The king and the people took the wise course of gathering together “to ask help of the Lord.” The prayer of Jehoshaphat was a prayer of faith and contained within itself the beginning of victory: ‘”Are You not God in heaven, and do You not rule over all the kingdoms of the nations, and in Your hand is there not power and might, so that no one is able to withstand You?’” (2 Chron. 20:6). The one who can begin this prayer in the hour of need with such a recognition of God’s power, has victory already on his side.

Then Jehoshaphat concluded: “Ewe have no power against this great multitude that is coming against us; not do we know what to do, but our eyes are upon You” (verse 12). Since the eyes of the Lord run to and fro throughout the earth to show Himself strong in behalf of those whose heart is loyal to Him (16:9), it becomes those in need to trust Him alone.

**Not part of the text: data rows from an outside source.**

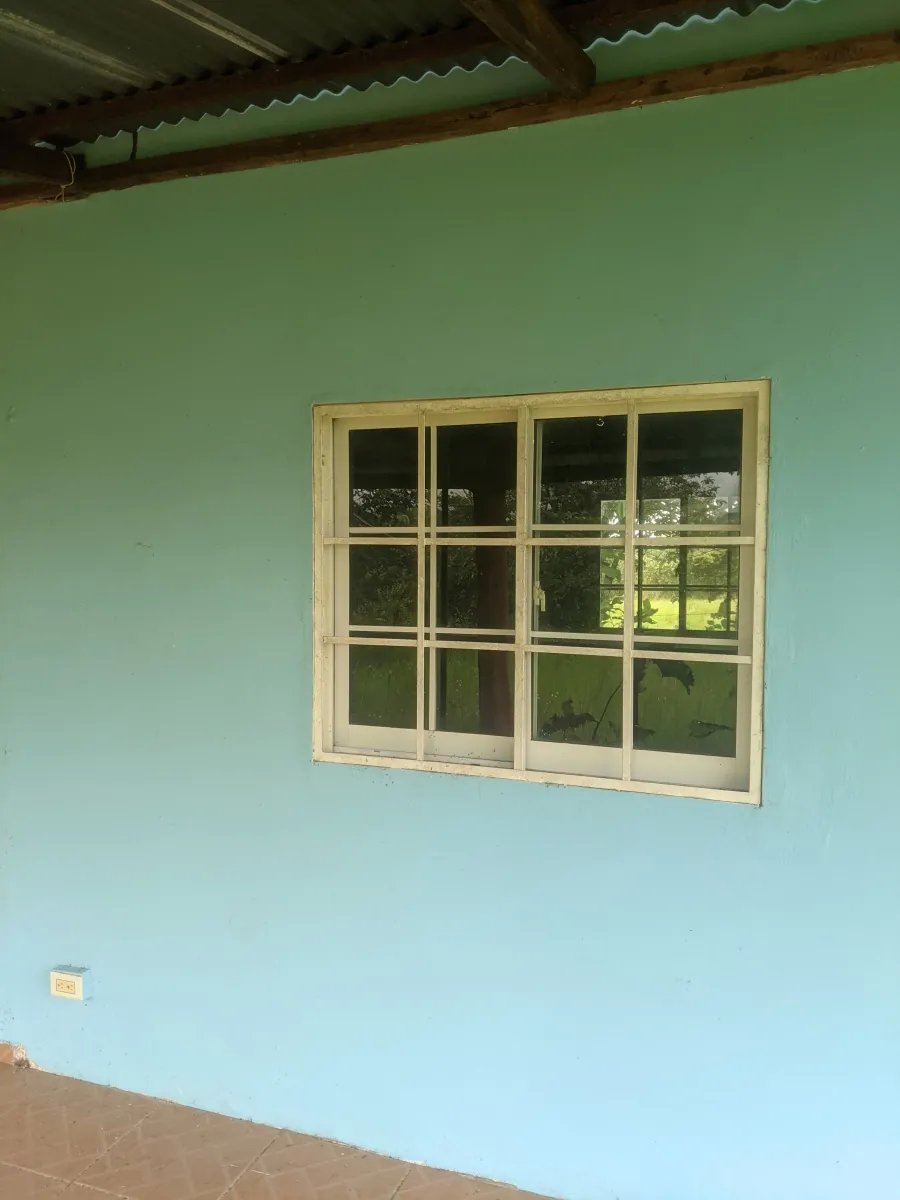 Gran terreno en el pueblo de playa las lajas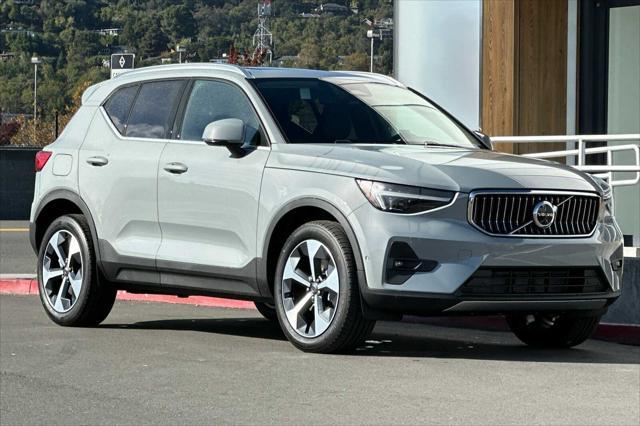 new 2025 Volvo XC40 car, priced at $48,315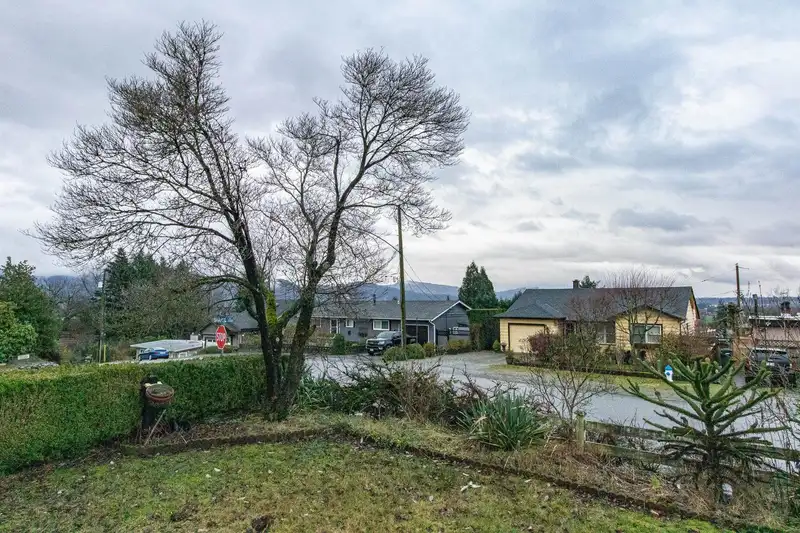 33569 5TH AVENUE - photo 4 of 40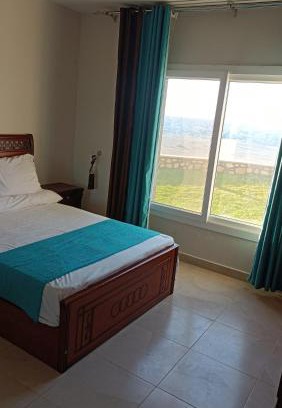 Marsa Matruh Ski Chalet | شاليه Do1 ثلاث غرف مكيف بالكامل 2حمام للايجار بمطروح قرية لونج ايلند كورنيش روميل "family"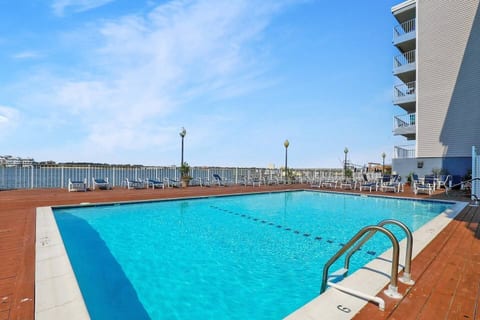 BeachBox IV • Walk to Boardwalk • Bayside Pool • Couple's Escape • Assateague House 111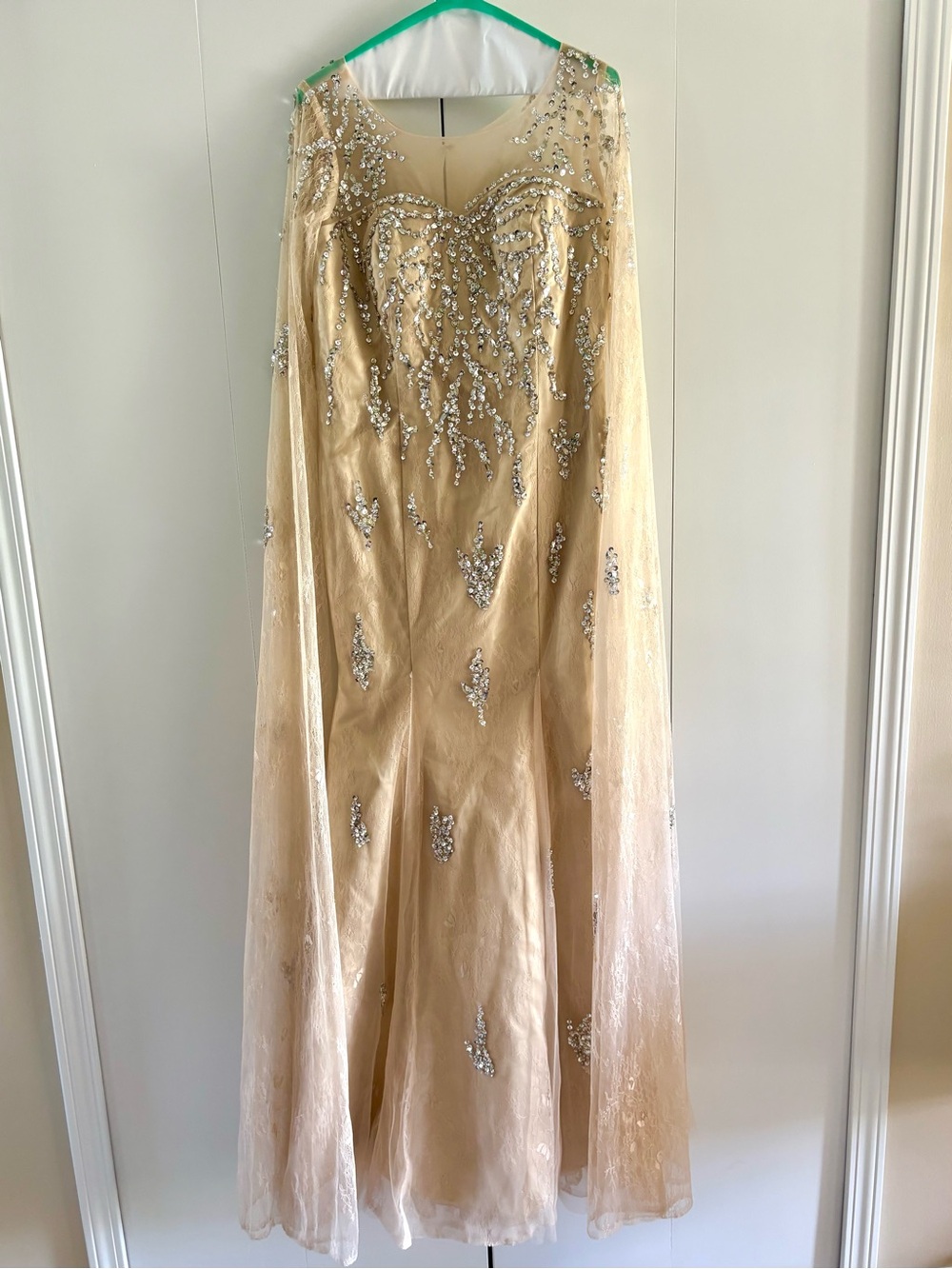 Women’s (Sz 16) Sleeveless Gold Beaded Dress - Formal, Wedding, Prom, Homecoming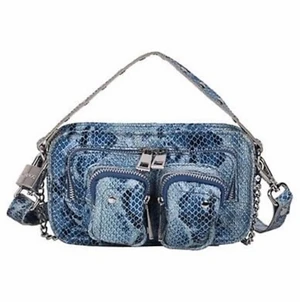 Nunoo väska - Säljer denna nunoo väska täcken finns på användning men fof väldigt fin! Nypris va va 1200 om jag minns rätt! Lilla modellen men man får plats med det som behövs tycker jag endå!  Skriv för egna bilder osv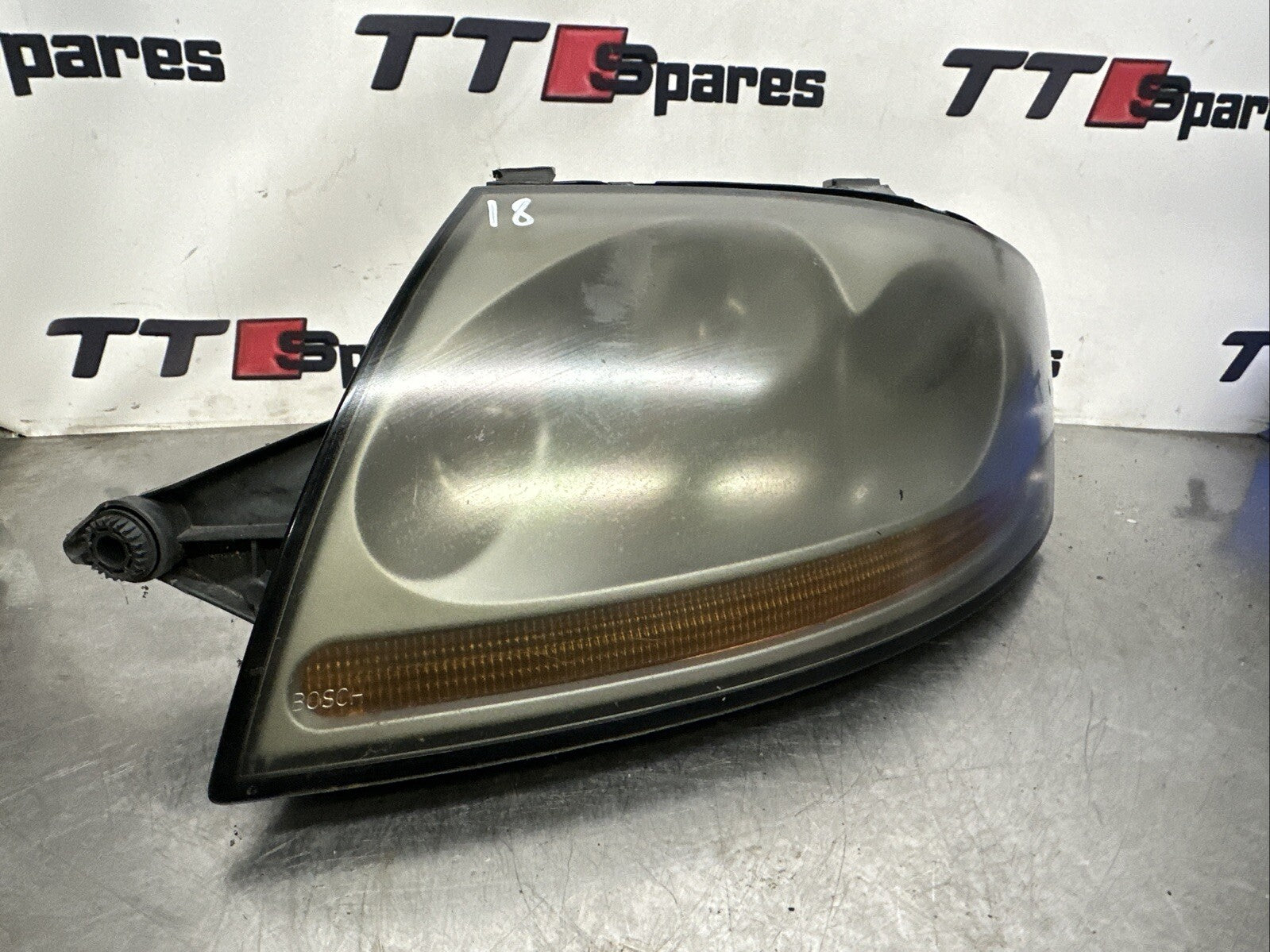 Audi TT Mk1 8N Xenon Headlight Passenger Side Front Left SILVER 1999 - 2005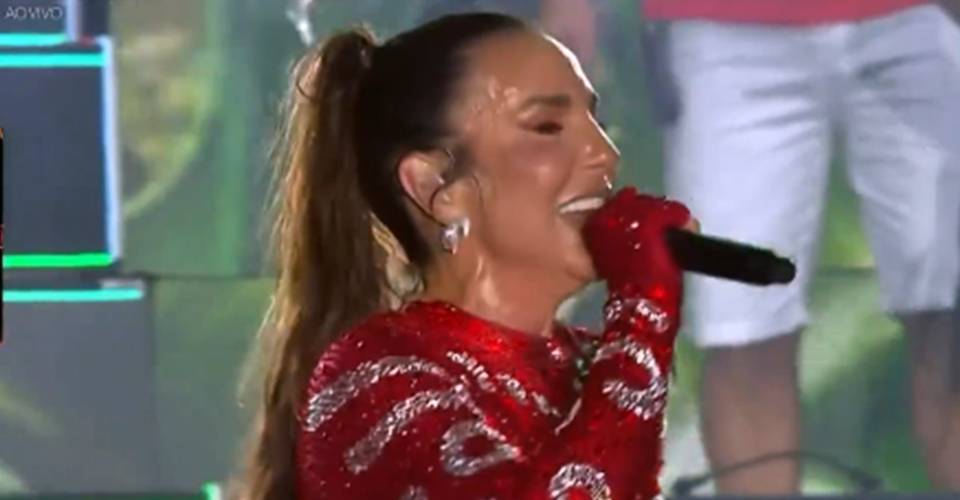 'Tem que se curvar, respeitar e se aliar', diz Ivete Sangalo sobre povo negro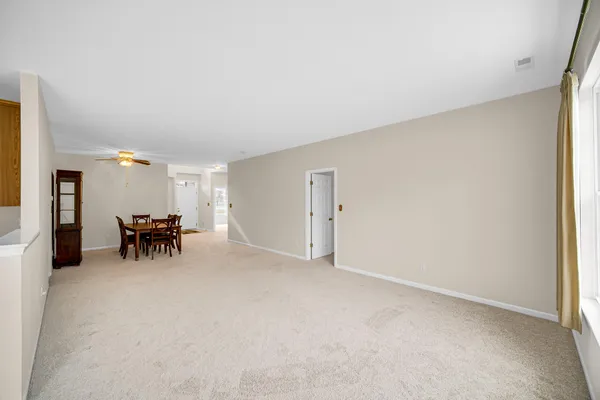 $289,900 | 1390 Mackinaw Place, Schererville, IN 46375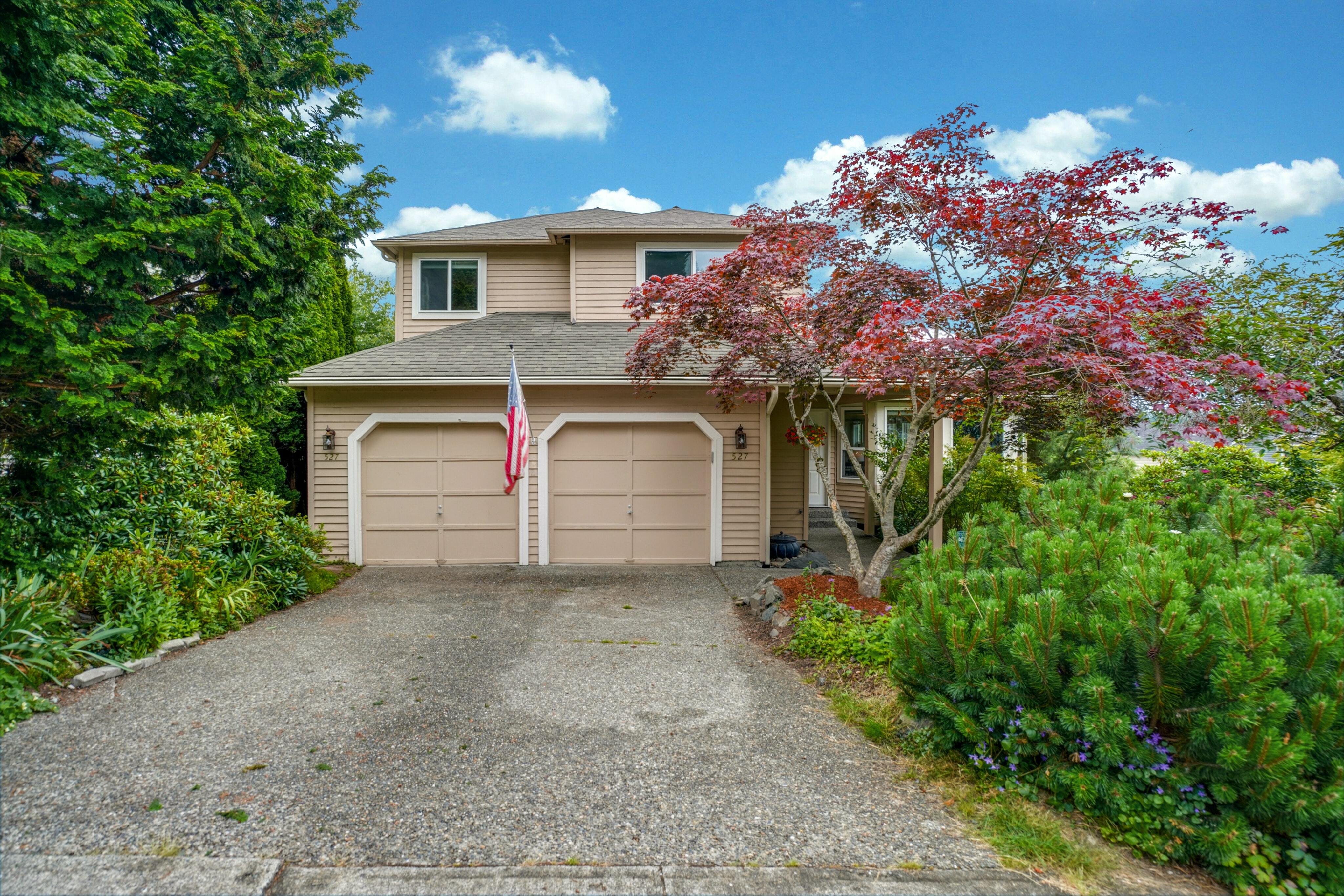 Property Photo:  527 224th Place SE  WA 98021 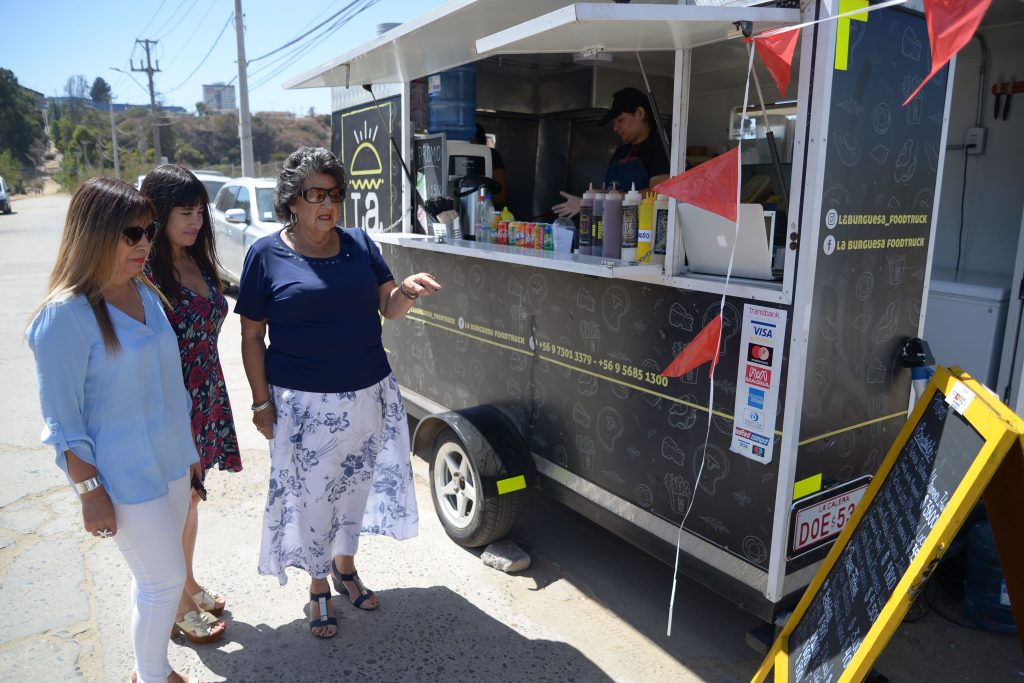 Imagen principal: Carritos de comidas y foodtruck tienen su espacio en Viña del Mar durante el verano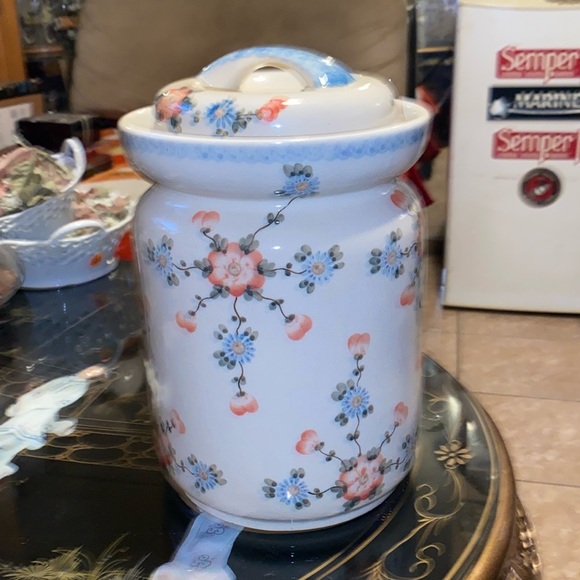 118 oz Fermenting Crock with Water Seal Airlock - Pasadena Delight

Now, what was the result? The prophet of the Lord came and said, “’Do not be afraid nor dismayed because of this great multitude, for the battle is not yours, but God’s…And Jehoshaphat stood and said, ‘Hear me, O Judah and you inhabitants of Jerusalem; Believe in the Lord your God, and you shall be established; believe His prophets, and you shall prosper’…He appointed those who should sing to the Lord, and who should praise the beauty of holiness, as they went out before the army” (20: 15, 20,21).

Surely this was a strange way to go out to battle! But what was the result? Few armies have been rewarded by such a signal victory. “When they began to sing and to praise, the Lord set ambushes against the people…who had come against Judah; and they were defeated…The Lord had made them rejoice over their enemies” (verses 22, 27).